From the entries below, reproduce exactly the lines from the one with "a clear acrylic" through the one with "Spacious living room", both included, without images.

---- Provided data

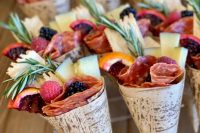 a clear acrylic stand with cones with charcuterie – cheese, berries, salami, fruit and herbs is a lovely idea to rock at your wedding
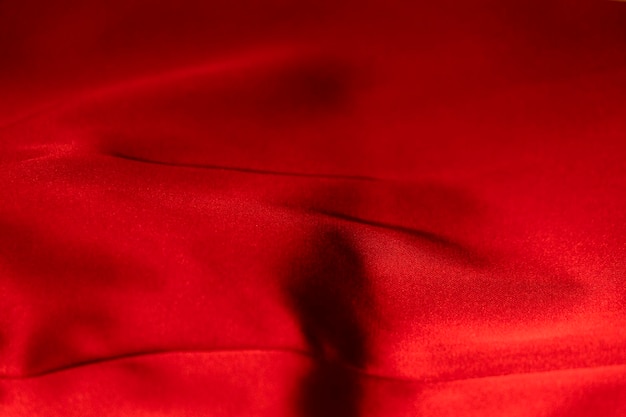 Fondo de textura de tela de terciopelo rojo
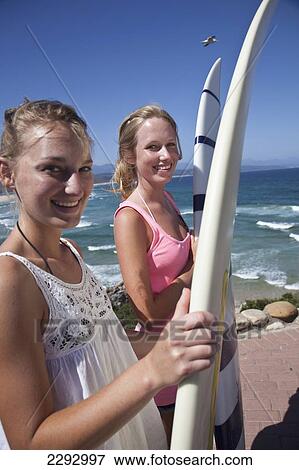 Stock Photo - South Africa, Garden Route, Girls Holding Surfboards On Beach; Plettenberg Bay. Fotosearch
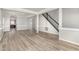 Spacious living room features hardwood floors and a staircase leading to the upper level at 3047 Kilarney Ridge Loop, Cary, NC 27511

--------
---- Provided data

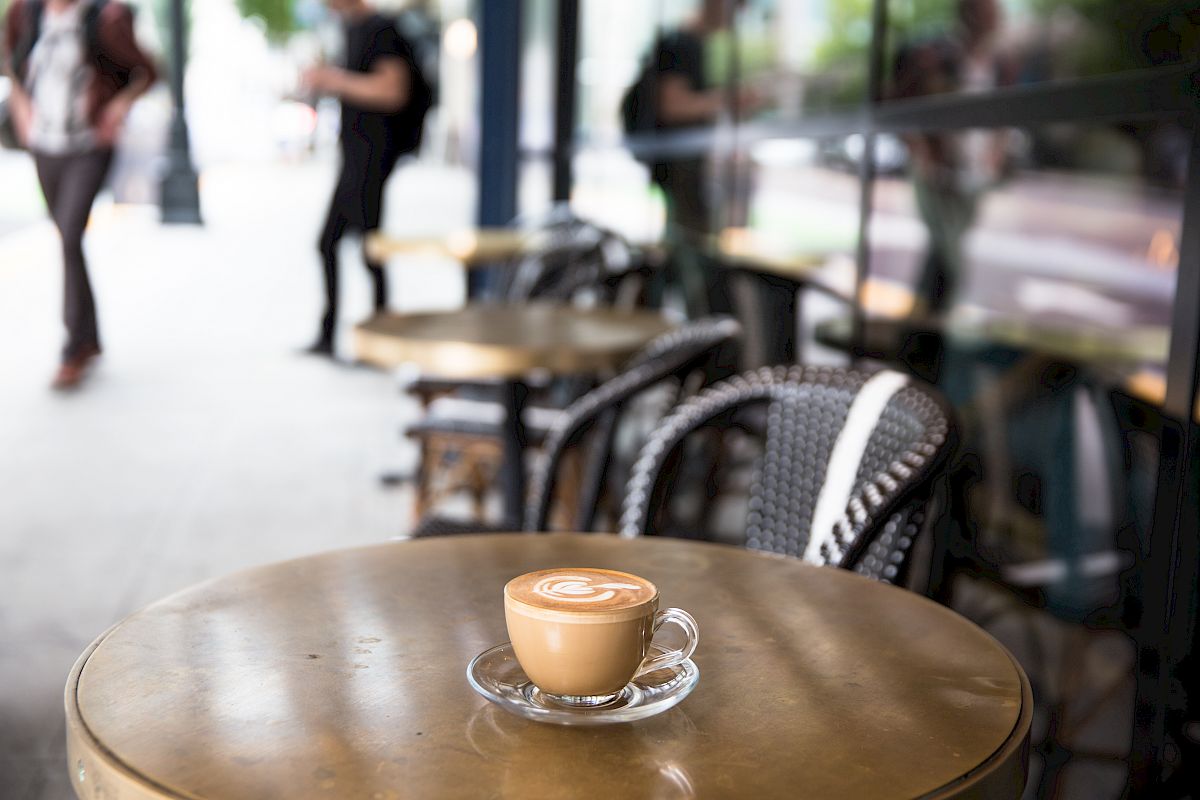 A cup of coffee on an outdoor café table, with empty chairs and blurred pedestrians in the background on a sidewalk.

--------

* Written response:
 a clear acrylic stand with cones with charcuterie – cheese, berries, salami, fruit and herbs is a lovely idea to rock at your wedding
 Fondo de textura de tela de terciopelo rojo
 Stock Photo - South Africa, Garden Route, Girls Holding Surfboards On Beach; Plettenberg Bay. Fotosearch
 Spacious living room features hardwood floors and a staircase leading to the upper level at 3047 Kilarney Ridge Loop, Cary, NC 27511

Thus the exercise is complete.